Material for this task:
━━━

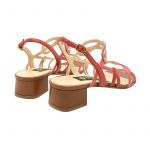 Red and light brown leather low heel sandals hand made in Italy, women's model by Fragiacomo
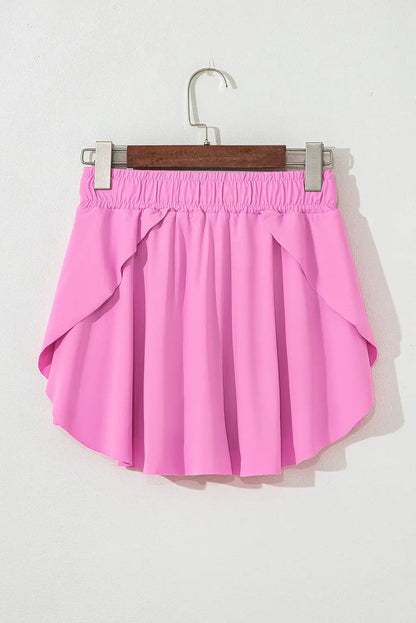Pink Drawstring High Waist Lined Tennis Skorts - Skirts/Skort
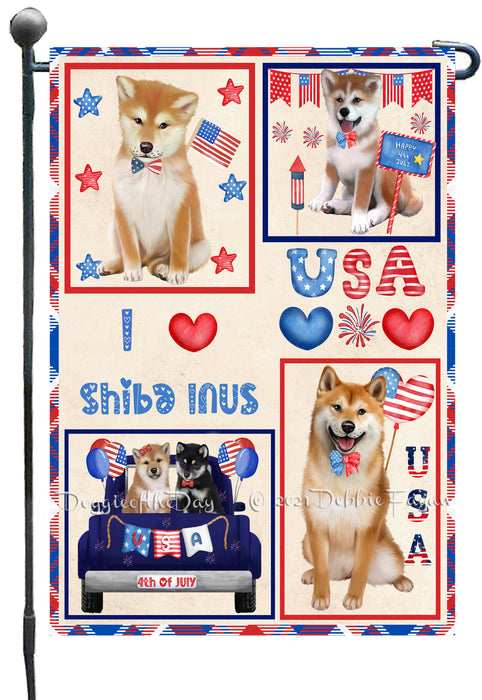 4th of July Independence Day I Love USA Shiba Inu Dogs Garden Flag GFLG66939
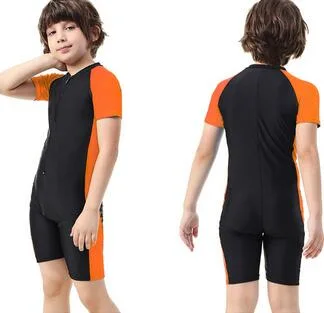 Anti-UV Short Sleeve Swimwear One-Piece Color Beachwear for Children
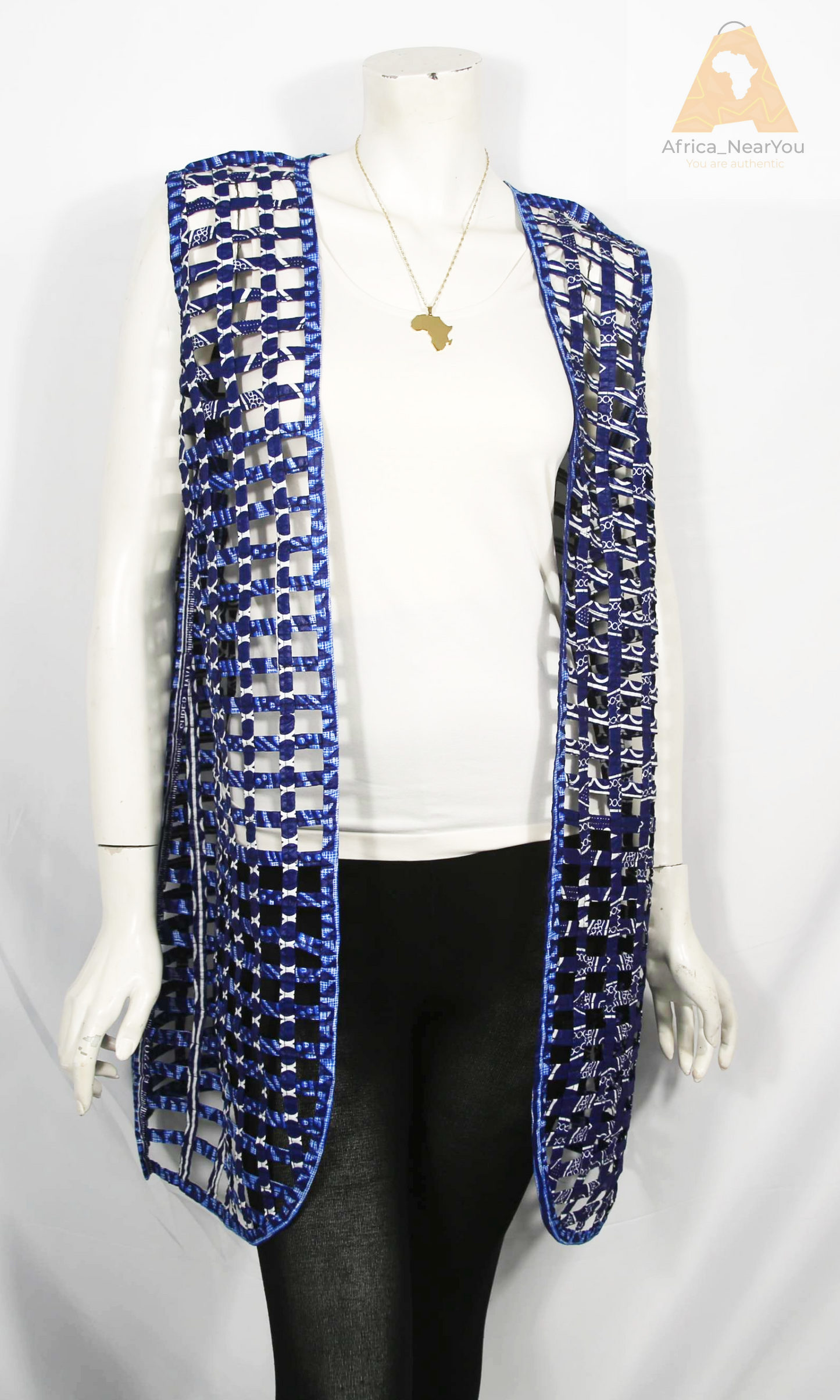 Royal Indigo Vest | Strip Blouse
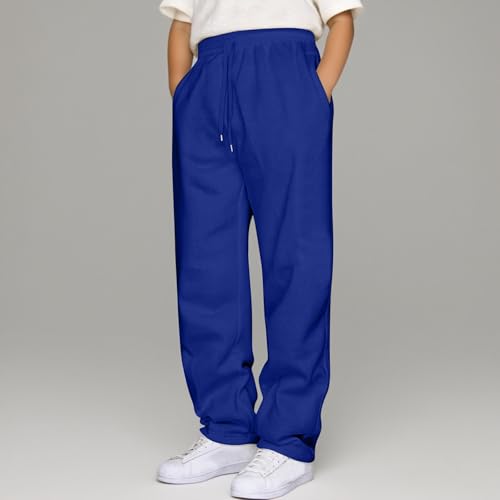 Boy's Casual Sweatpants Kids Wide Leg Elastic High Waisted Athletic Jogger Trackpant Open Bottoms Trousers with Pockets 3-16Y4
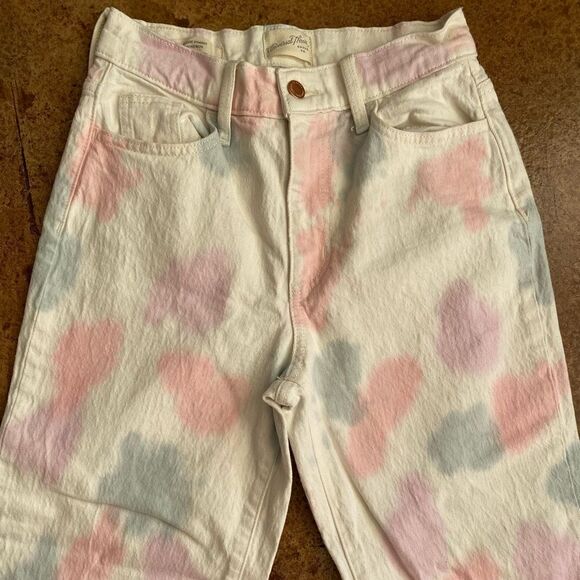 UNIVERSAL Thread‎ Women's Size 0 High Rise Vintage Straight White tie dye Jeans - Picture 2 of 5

━━━

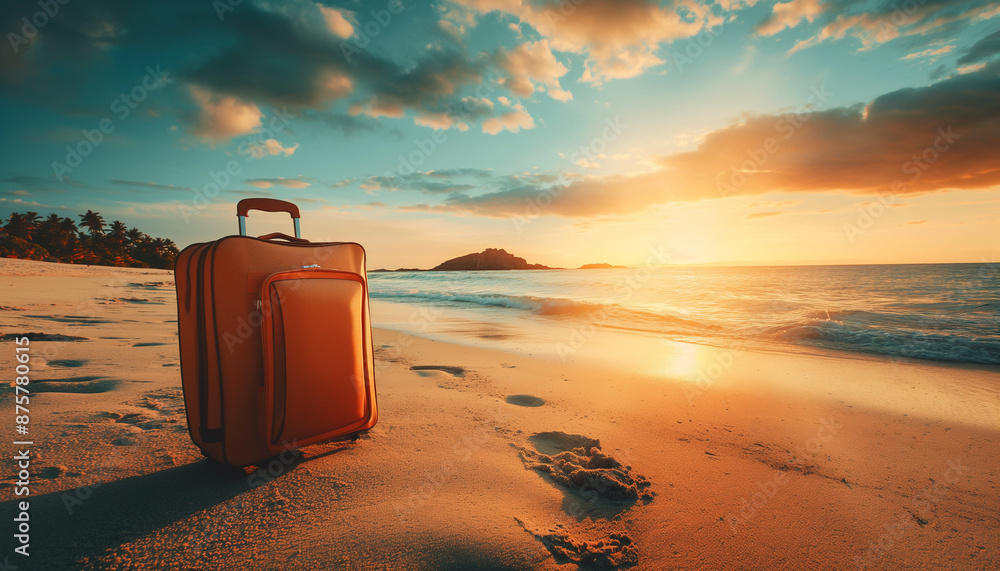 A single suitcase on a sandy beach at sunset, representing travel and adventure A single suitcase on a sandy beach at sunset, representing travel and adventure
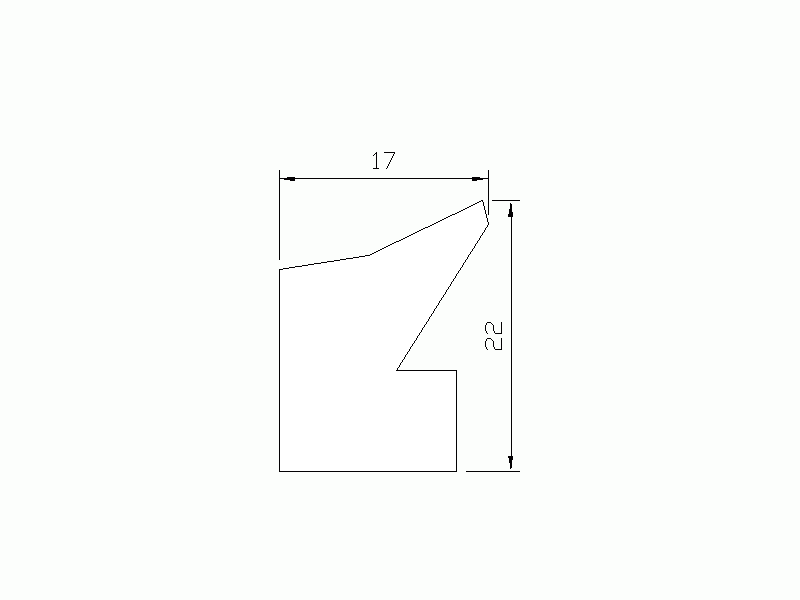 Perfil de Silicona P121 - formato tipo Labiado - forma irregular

━━━

Your objective: When copying from the data above, begin at the line containing "Anti-UV Short Sleeve" and end at the line containing "UNIVERSAL Thread‎ Women's"; return those lines exactly and leave all pictures behind.

Task answer:
 Anti-UV Short Sleeve Swimwear One-Piece Color Beachwear for Children
 Royal Indigo Vest | Strip Blouse
 Boy's Casual Sweatpants Kids Wide Leg Elastic High Waisted Athletic Jogger Trackpant Open Bottoms Trousers with Pockets 3-16Y4
 UNIVERSAL Thread‎ Women's Size 0 High Rise Vintage Straight White tie dye Jeans - Picture 2 of 5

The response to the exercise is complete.